Project 3

Selected Country: Ethiopia

I chose to work with Ethiopia because I had worked with Ethiopia for Project 2 and wanted to learn more about the country. Ethiopia is a currently landlocked country located on the Horn of Africa. I chose the word “currently” to describe its landlocked nature because throughout its history its geographic boundaries have changed, and at points it did include territory adjacent to the Red Sea. However, it has been landlocked 1993. Ethiopia’s boundaries, which have changed over time may present a challenge for geospatial analysis. Ethiopia is a fairly large and populated country, with over one million total square kilometers of land and over 110 million people; I discovered this when my computer was unable to process all its data due to the sheer size. Ethiopia contains nearly 8k square kilometers of water. The country’s average elevation is about 1330m. The greatest use of land is for agriculture; nearly 40% of the land is used for agricultural purposes. Another 20% serves as pastures. Ethiopia borders Djibouti, Eritrea, Kenya, Somalia, South Sudan and Sudan. It is possible that population counts for Ethiopia may be affected by internal conflict or conflict in bordering countries.

Most of Ethiopia’s populations is concentrated in the northern and central parts of the country, particularly around the capital Addis Ababa. The following map from the CIA World Factbook provides a means of visualizing population density in Ethiopia.

plot

Below is a graphic of Ethiopia at the level of the primary administrative division.

plot

Below is a graphic of Ethiopia at the level of third-order administrative division.

plot

Below is a graphic showing Afar and the subdivisions within Afar.

plot

Using two machine learning methods, predict population values at 100 x 100 meter resolution throughout your selected country. I chose to apply a simple linear model as well as a random forest model.

Model 1) Linear model

To run the linear model, I modeled predictions using geographic coordinates and the sum of all the variables (water, dst011, dst040, dst130, dst140, dst150, dst160, dst190, dst200, topo, slope, ntl).

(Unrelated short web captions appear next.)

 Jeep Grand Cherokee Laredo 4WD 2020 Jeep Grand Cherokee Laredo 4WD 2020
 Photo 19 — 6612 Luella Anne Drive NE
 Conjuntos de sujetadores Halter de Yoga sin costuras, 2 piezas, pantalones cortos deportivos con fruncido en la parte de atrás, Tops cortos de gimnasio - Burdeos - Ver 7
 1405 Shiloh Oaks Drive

Below is the plot of population sums generated by the linear model.

plot

I decided to compare that with a map of Afar demonstrating population density to ensure that my methodology and filtering were correct, and it appears that they match up.

plot

Although the Afar region is not known for any urban ongoings, it does appear that there is a higher population density towards the northwest. I will keep this in mind when analyzing model performance.

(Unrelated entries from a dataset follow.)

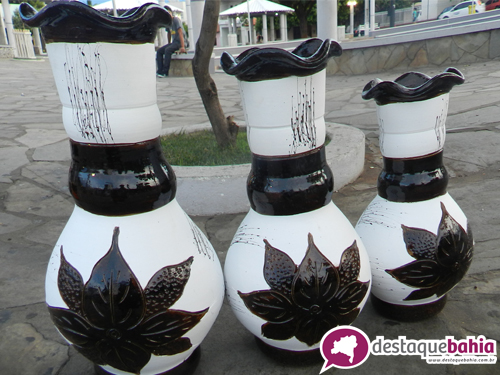 Lindos Vasos estão sendo vendidos a preço de fábrica na Praça da Prefeitura
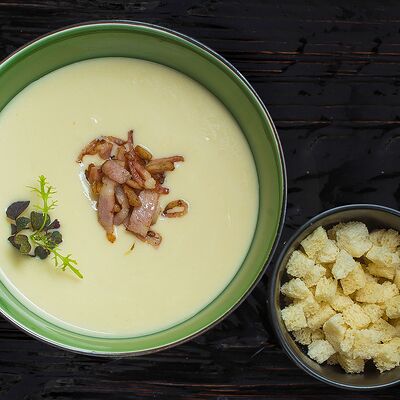 Картофельный крем-суп с обжаренным беконом и гренками в Длинный нос по цене 520 ₽
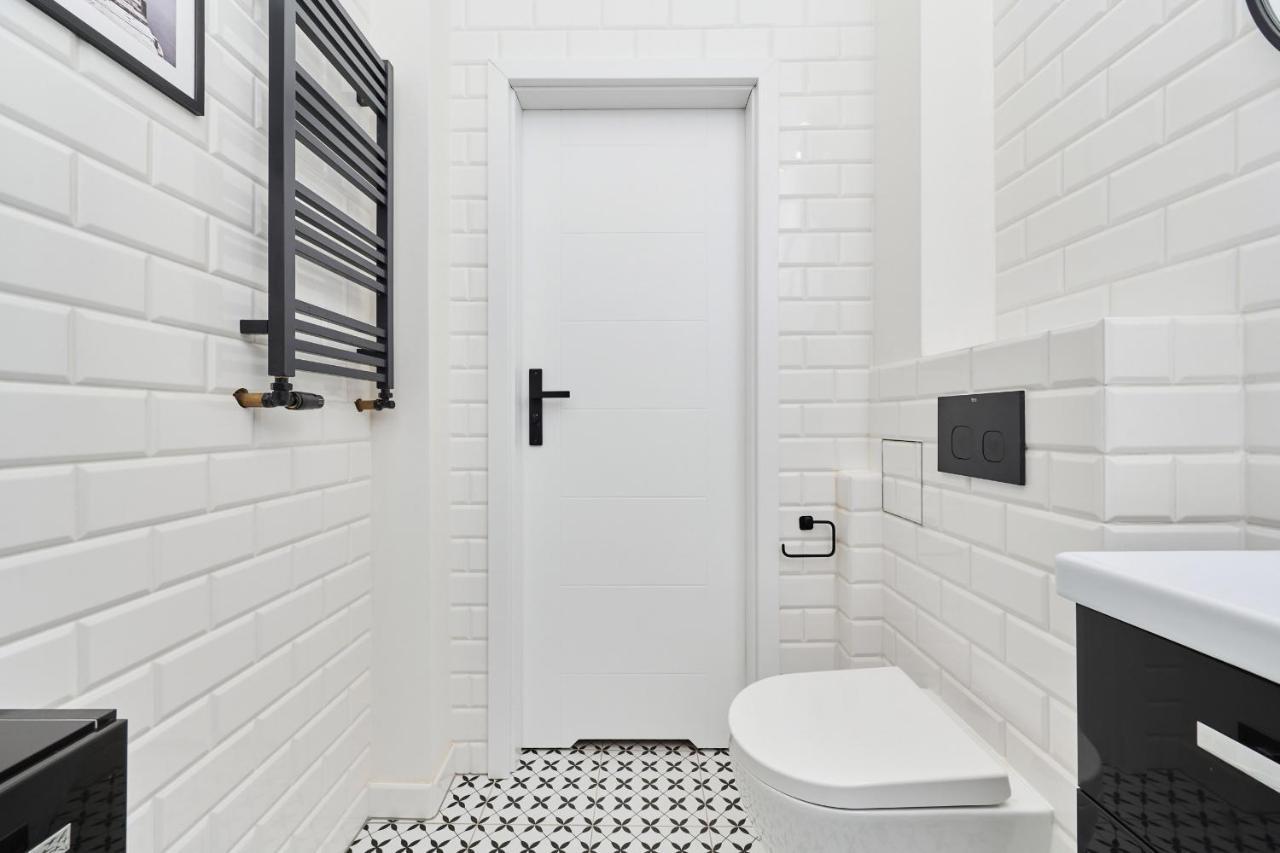 Dominikanska Old Town Studio W Kamienicy By Noclegi Renters Breslavia Exterior foto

Below is a plot showing the difference between the actual population sums and those predicted by the model. It appears that the model has slightly underpredicted the population. The plot does show that the model fairly consistently underpredicted across the region, meaning that the error was with the model itself and not a result of regional differences within Afar.

plot

Below is a 3D visualization demonstrating the predictions versus actual population counts. There is a consistent clustering of lines below the model, demonstrating consistent under predictions of the model thorughout the region. Most of the population are pastoralists, some of whom are nomadic, so it is possible that the lack of urbanization and prominent city centers in the region causes this phenomenon of consistent underprediction.

plot

Below is a 3D visualization of root mean squared error of the model across the region.

plot

When I first ran the model, I encountered the following issue: The sum of the population sums from the model equals 1809074. The sum of the population is 101017113, which is quite a bit bigger. It seems like model is severely underpredicting the population counts, but I do not think this is the case. I think the reason for this great disparity is because the predicted sum is only for the Afar region but the actual sum includes all of Ethiopia. According to Google, the Afar region has approximately 1.8 million residents, meaning the model is not far from its mark.

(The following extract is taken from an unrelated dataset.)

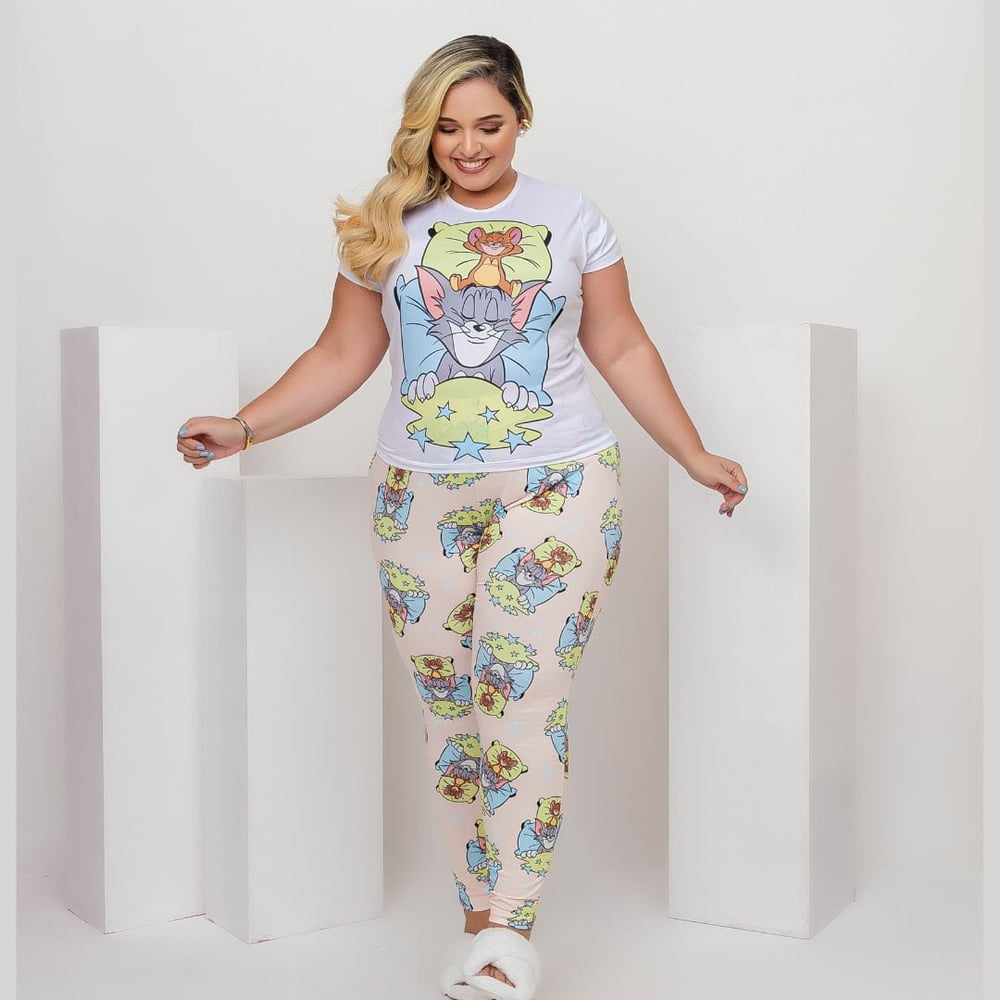 Pijama Sonho Plus Size Com Calça E Camiseta Tom E Jerry Amável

However, upon running it again and filtering for Afar properly, I found that the model predicted a total subdivision population of 1783250.. The actual population according to eth_ppp_2019, when filtered correctly, equals 1783304. These numbers are not very far apart, indicating that the model is fairly good at predicting the total population of Afar. However, upon looking at the total error for the model, as defined by the absolute value of the sum of all the differences between actual and predicted population counts, the model was not very successful predicting populations at a more local level within Afar. The sum of the errors that are the differences between predictions and actual populations equals 1497986, which is fairly large. Overall, the model is both useful and consistent. However, there is room for improvement.

Model 2) Random Forest Model

I used a random forest regression model with 500 trees that predicted the population using the same variables as the regression model (sum of water, dst011, dst040, dst130, dst140, dst150, dst160, dst190, dst200, topo, slope, ntl). The R^2 for the model is 82.39, which is fairly high for a real-world model, although it could realistically be improved further.

Below is a plot showing how error changes with the number of trees in the model.

plot

It may be worth creating a random forest model with less trees because it does not seem that having 500 trees is significantly better than having any number more than 200.

Below is a plot showing the usefulness of each variable based on inc node purity. It may also be worth creating another model without the less useful variables such as dst200 and dst130. With more time, I would ideally incorporate means of variables as well as the sums.

plot

Below is the plot of population sums generated by the random forest model.

plot

Below is a plot of the difference between the model predictions and actual population values.

plot

Below is a 3D visualization of the model’s perfomance, demonstrating that the model mostly underpredicted population values but it did overpredict in some regions.

plot

Below is a 3D visualization of root mean squared error of the model across the region.

plot

Based on the shade of green, which is close if not identical to that which matches up with the zero marker in the color key, this model has performed better than the linear model. Although it still seems to underpredict population slightly, it does not underpredict as much as the linear model.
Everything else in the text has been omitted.